**The problem**
Within the entries below, find every line that has the string "online", then copy it.

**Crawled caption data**
=====
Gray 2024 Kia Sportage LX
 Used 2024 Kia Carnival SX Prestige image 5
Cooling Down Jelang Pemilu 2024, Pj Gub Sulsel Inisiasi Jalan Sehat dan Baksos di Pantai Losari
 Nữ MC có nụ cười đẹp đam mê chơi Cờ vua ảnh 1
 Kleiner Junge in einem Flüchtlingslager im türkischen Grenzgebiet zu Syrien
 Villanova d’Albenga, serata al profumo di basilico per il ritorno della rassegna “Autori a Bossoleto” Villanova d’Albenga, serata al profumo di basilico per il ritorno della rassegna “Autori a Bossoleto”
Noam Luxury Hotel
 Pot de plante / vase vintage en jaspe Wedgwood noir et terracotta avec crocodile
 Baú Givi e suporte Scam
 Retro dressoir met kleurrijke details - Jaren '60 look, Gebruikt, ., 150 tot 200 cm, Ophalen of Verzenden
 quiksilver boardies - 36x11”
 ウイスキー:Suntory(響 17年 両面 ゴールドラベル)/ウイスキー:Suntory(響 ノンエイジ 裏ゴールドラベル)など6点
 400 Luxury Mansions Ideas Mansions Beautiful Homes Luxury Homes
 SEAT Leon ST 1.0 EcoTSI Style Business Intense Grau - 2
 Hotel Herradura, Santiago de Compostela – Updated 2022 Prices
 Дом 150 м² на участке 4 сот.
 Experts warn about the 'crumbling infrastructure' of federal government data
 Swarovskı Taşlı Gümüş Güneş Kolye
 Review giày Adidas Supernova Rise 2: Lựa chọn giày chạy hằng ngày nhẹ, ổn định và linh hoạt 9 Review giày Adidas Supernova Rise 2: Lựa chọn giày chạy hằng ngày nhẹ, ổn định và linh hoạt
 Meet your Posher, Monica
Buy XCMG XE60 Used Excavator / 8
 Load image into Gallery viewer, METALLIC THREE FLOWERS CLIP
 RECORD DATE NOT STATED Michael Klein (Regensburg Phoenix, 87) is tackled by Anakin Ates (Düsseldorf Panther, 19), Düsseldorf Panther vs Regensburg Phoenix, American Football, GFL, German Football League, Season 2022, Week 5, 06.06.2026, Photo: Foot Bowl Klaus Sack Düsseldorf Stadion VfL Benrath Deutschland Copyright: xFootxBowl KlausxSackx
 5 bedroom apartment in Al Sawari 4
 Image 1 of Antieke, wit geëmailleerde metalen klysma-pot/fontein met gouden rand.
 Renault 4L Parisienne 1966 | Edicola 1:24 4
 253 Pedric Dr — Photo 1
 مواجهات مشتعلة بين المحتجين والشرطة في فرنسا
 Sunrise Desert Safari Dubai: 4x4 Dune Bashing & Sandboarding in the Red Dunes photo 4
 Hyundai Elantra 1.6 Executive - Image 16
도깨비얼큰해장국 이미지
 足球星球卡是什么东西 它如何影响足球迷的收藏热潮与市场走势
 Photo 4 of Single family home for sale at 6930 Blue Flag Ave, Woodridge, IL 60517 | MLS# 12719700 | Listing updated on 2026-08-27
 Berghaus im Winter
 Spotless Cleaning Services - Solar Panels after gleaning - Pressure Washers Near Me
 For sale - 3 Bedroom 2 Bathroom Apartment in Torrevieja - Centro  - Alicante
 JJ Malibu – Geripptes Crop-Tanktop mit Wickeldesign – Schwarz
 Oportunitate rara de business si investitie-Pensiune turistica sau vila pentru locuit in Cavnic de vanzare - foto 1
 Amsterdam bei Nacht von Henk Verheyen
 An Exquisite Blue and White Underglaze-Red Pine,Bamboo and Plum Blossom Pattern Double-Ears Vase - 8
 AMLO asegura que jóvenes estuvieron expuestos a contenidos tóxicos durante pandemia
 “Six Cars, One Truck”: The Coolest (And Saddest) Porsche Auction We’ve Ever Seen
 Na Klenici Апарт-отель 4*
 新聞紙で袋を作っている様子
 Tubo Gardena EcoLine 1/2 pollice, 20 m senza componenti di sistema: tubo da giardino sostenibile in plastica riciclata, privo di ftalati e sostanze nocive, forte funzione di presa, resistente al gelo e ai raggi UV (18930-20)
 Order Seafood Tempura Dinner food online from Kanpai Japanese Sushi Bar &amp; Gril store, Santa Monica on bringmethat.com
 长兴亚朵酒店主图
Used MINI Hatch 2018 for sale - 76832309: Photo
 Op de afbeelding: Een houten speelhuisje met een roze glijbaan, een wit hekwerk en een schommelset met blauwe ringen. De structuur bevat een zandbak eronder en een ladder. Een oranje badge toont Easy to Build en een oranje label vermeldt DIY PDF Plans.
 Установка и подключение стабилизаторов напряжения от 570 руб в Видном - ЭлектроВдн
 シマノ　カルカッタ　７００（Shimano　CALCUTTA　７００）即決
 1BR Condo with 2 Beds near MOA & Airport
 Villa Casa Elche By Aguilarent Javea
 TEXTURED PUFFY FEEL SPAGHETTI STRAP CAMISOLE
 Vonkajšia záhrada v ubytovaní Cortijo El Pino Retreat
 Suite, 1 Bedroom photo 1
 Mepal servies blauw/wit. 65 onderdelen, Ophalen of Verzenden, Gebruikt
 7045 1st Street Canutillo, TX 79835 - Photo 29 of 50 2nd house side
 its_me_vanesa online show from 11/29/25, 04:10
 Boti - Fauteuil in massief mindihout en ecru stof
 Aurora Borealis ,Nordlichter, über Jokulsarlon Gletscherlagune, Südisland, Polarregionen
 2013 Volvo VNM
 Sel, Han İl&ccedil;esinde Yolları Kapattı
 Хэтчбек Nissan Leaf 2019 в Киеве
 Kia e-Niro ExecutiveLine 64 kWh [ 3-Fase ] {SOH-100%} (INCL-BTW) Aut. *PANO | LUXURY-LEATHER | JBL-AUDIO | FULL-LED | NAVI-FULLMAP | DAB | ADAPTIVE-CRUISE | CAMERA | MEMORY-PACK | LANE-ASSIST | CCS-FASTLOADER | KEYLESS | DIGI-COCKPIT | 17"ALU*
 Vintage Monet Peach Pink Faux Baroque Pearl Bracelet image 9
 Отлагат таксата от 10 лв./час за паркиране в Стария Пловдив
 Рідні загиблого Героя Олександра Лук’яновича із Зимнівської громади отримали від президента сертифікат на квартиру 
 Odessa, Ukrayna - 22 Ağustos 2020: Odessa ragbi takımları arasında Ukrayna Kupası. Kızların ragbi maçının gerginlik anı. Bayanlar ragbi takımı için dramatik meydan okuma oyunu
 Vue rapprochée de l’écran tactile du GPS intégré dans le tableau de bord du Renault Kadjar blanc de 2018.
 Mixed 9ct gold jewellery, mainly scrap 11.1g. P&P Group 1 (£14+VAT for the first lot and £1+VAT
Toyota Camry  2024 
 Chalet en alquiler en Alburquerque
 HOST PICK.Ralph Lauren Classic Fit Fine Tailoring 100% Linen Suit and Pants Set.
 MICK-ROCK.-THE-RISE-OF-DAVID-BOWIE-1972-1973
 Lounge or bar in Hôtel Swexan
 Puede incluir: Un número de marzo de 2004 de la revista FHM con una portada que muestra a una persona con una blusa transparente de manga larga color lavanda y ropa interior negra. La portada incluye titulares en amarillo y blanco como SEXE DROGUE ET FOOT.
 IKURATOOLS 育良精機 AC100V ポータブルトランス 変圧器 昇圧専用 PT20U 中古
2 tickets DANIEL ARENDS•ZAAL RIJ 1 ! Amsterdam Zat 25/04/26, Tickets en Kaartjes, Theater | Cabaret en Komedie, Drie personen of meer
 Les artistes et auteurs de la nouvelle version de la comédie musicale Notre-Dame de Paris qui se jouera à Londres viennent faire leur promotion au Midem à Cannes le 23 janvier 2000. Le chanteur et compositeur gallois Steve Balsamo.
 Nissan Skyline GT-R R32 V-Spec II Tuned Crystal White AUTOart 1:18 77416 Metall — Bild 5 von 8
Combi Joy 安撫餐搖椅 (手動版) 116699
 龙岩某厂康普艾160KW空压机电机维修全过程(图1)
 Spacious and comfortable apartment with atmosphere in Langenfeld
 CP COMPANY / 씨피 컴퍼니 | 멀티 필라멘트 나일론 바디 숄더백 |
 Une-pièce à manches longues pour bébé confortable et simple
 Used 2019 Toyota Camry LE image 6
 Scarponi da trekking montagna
=====
**Answer to the exercise**
 Order Seafood Tempura Dinner food online from Kanpai Japanese Sushi Bar &amp; Gril store, Santa Monica on bringmethat.com
 its_me_vanesa online show from 11/29/25, 04:10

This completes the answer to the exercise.